Your gateway to a wide range of natural resources information and associated maps

Victorian Resources Online

The Sisters (Terang)

This information has been obtained from the report: Eruption Points of the Newer Volcanic Province of Victoria by Neville Rosengren. This report was published in 1994 and was prepared for the National Trust of Australia (Victoria) and the Geological Society of Australia (Victorian Division). The review of eruption points was based on an earlier unpublished manuscript Catalogue of the post-Miocene volcanoes of Victoria compiled by O P Singleton and E B Joyce (Geology Department, University of Melbourne 1970).

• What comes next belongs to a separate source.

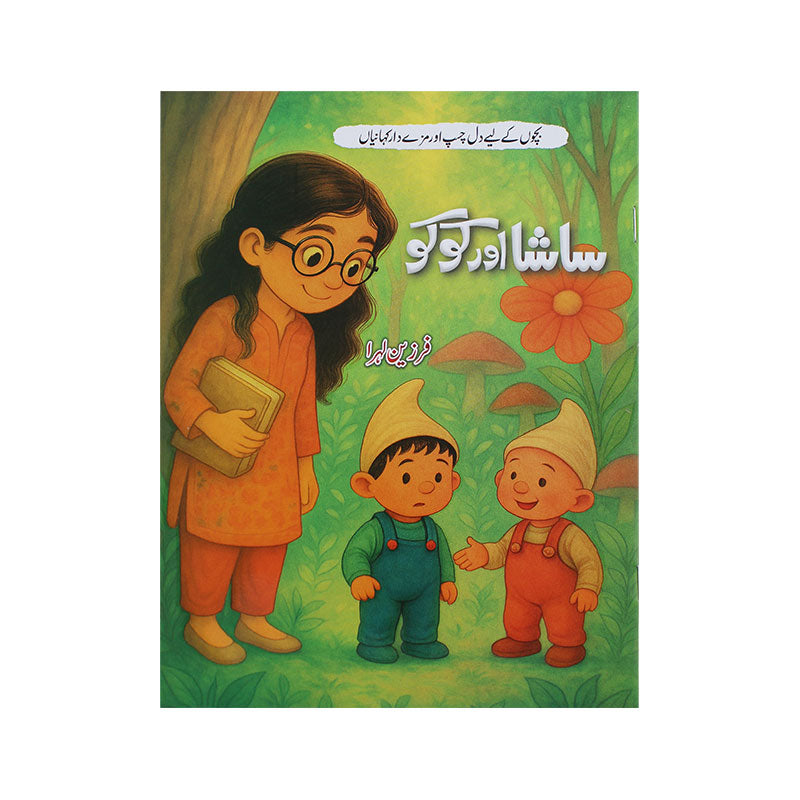 Urdu Story Book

Geological heritage sites, including sites of geomorphological interest and volcanic heritage sites, are under regular revision by the Geological Society of Australia, especially in the assessment of significance and value. Reference should be made to the most recent reports. See the Earth Science Heritage (external link) section of the Geological Society of Australia website for details of geological heritage reports, and a bibliography.

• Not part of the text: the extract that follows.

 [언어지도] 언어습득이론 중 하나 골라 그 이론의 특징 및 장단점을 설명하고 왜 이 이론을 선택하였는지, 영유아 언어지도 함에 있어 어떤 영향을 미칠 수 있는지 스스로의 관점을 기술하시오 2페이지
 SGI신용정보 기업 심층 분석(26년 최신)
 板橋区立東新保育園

Location:38 11 53S 142 46 10E (external link); 7421-1-3 (The Sisters) 577716. 11 km NW of Terang. Sisters Road.

Mortlake.

Land Tenure/Use:

Private land. Grazing. Sisters Road gives view of the crater.

Type 8:

Nested/buried tuff ring maar.

The Sisters are a group of scoria cones and mounds nested in a tuff ring with a largely infilled crater 1.5 km across. A smaller tuff ring is located 500 northwest of the main crater. The main tuff ring is best preserved around the southeastern edge of the site where it forms a curving ridge almost 30 m high. Bedded tuff is exposed in a disused pit adjacent to Sisters Road. The maar is now covered with scoria and this forms The Sisters Hill (203 m) and a conical mound adjacent to Framlingham Road. The site contains a well-defined enclosed central crater of irregular outline and almost 20 m deep. The second maar is between Framlingham Road and Londrigans Lane and is defined by a circular swamp surrounding a small accumulation of scoria.

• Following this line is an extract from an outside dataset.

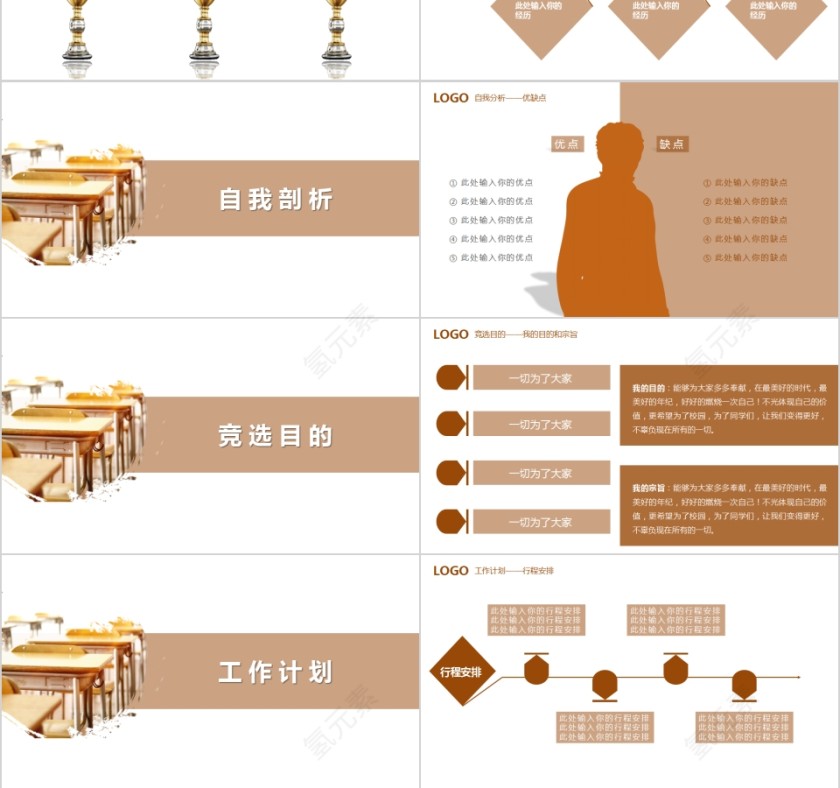 班干部竞选自我介绍PPT第3张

A lava flow from The Sisters, retaining original stony rise surfaces, gave a K-Ar date of 0.57 +/- 0.03 million years.

200+ m; 55 m.

State:

A good example of a nested maar with a well-defined crater. It is significant as it forms part of the series progressing from simple maar craters and tuff e.g. Keilambete, to maars completely buried by scoria and lava e.g. Shadwell.

Class 2:

Reopening of scoria and tuff quarries on a limited scale and low on the slopes rather than on crests would not compromise the significant geological and geomorphological values of the site. It is important to retain the intactness of the main crater.

References:

McDougall, I., Allsopp, H.L., & Chamalaun, F.H. 1966. Isotopic dating of the Newer Volcanics of Victoria, Australia and geomagnetic polarity epochs.
Journal of Geophysical Research 71, pp. 6107-6118.0.